When that post-lunch sluggishness sets in, a simple task can turn into a near Herculean job. And it’s not always just an afternoon slow down. Sometimes even a cup of coffee—with its instant jolt of caffeine—can’t get your focus in the right place in the morning (… or the afternoon… or the evening).
A variety of factors from diet to lack of exercise, to stress, to disrupted sleep can affect how your brain functions. Our neuro control centers need a constant stream of oxygen and nutrients to function properly. And a well-balanced diet, or lack of one, plays a huge role in your ability to focus. Hey! Over here. Don’t get distracted. You haven’t gotten to the tips yet.
These five foods will give you a little pick-me-up when your brain decides to take a siesta. (And keep you feeling sharp over time.)
The antioxidants in these tasty little blue jewels help protect the brain from free radical-damage. Free radicals have been linked to diseases throughout the body including cancer, and to cognitive impairment. Studies in mice have shown that blueberries helped boost brain performance over time, and essentially reduced the effects of age-related conditions, such as Alzhemier’s and dementia. Pop a few into your oatmeal for a brain-food filled breakfast or munch on them for an afternoon pick-me-up.
Avoid the drain on your brain by eating your recommended two servings of fatty fish a week. Salmon and other fatty fish, like mackerel, are rich in omega-3 fatty acids, which not only help fight disease-causing free radicals in the body, but are also one of the building blocks of brain tissue. Docosahexaenoic acid (DHA), an omega-3 fatty acid found in salmon, helps the brain by fighting off depression, staving age-related diseases and boosting IQ. Plus, your brain doesn’t just reap the benefits; salmon is also good for your heart! But make sure to seek out sustainable seafood choices.
Having trouble studying? Munch on a mixture of these nutrient-dense babies for a quick concentration boost. While all nuts are packed with nutrition (so long as you opt for raw, not chocolate-covered or roasted varieties), almonds, walnuts, hazelnuts and pecans all contain high levels of vitamin E and omega-3 fatty acids—both of which help improve cognitive function.
4. Flax seeds
High in those all-important omega-3 fatty acids that are essential for brain development and function, flax seeds are a perfect way for vegetarians and vegans to add healthy, concentration-boosting fats to their diet. Flax contains alpha-linolenic (ALA), a type of omega-3 fatty acid that boosts the cerebral cortex, an area of the brain that processes sensory information. Sprinkle flax seeds on a salad or hot or cold cereal to get your daily quota.
5. Dark chocolate
Feeling down in the slumps? Grab a piece of dark chocolate.
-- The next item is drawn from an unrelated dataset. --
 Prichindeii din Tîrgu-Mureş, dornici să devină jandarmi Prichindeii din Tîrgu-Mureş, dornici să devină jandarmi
Yes, you have permission to eat chocolate, so long as it’s dark. Besides the rush of attention-boosting endorphins that come with savoring a piece of this tasty stuff, the antioxidants (particularly flavonoids) in dark chocolate are associated with amping up cognitive function. Dark chocolate also contains that great natural stimulant, caffeine, which will boost your focus without any added sugar or calories. Choose a dark chocolate variety that’s at least 60 percent cocoa (or more!) for the best health benefits.